Updated

Israeli tanks rattled into the Palestinian city of Jenin in the West Bank, opening fire and leveling the main police station early Tuesday, witnesses and Palestinian security sources said.

The incursion into Jenin — following two suicide bombings in less than a week — was the first time Israeli forces have entered the center of a Palestinian controlled city in 10 months of hostilities. Israel said the bombers were dispatched from Jenin.

The Israeli military said its tanks and bulldozers destroyed the structure and then withdrew. Palestinians appealed to the U.N. Security Council for protection.

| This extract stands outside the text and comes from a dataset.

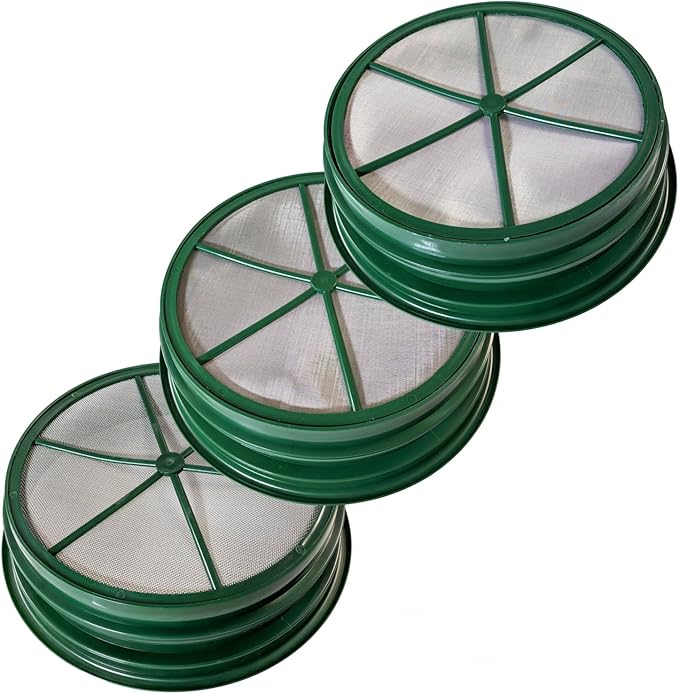 Stackable 5 Gallon Classifier Screens Sifting Sieves Gold Prospecting ...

About 10 tanks rumbled into the city from an Israeli base just outside of Jenin. They stopped in front of several key Palestinian buildings on or near the main square of the city, said Haider Irshad, the vice governor of Jenin.

The tanks concentrated their fire on the police headquarters, about 200 yards from the square, and bulldozers were also called in to help with the destruction of the building, Irshad said.

Tanks moved in front of the governor's office and general headquarters for the security services, but did not open fire, he said.

Palestinian gunmen fired at the Israeli tanks, witnesses said. Israeli troops did not leave their tanks during the operation, and no Israeli ground troops were seen in the city, Irshad said.

Israeli helicopters flew above the city during the operation, but did not appear to fire, witnesses added.

There was no immediate word on casualties.

In a statement, the Israeli military said its forces attacked because of a "string of terror attacks, including the (suicide bombing) in Kiryat Motzkin, which was directed by the terror organizations in Jenin." The statement charged that Yasser Arafat's Palestinian Authority is not taking steps to stop the attacks.

Tuesday's violence followed in the wake of a Sunday evening suicide bombing that injured 20 people in a restaurant in a suburb of the northern Israeli port city of Haifa. The assailant, from the militant group Islamic Jihad, was killed.

On Thursday, a member of the militant Hamas group blew himself up in a packed restaurant in downtown Jerusalem, killing himself and 15 other people.

To retaliate for the Jerusalem attack, Israeli police last week seized the Orient House, the unofficial Palestinian political headquarters in east Jerusalem.

Palestinian negotiator Saeb Erekat denounced the latest Israeli incursion. "This is part of (Prime Minister Ariel) Sharon's campaign to undermine the peace process and undermine the Palestinian Authority," he told The Associated Press.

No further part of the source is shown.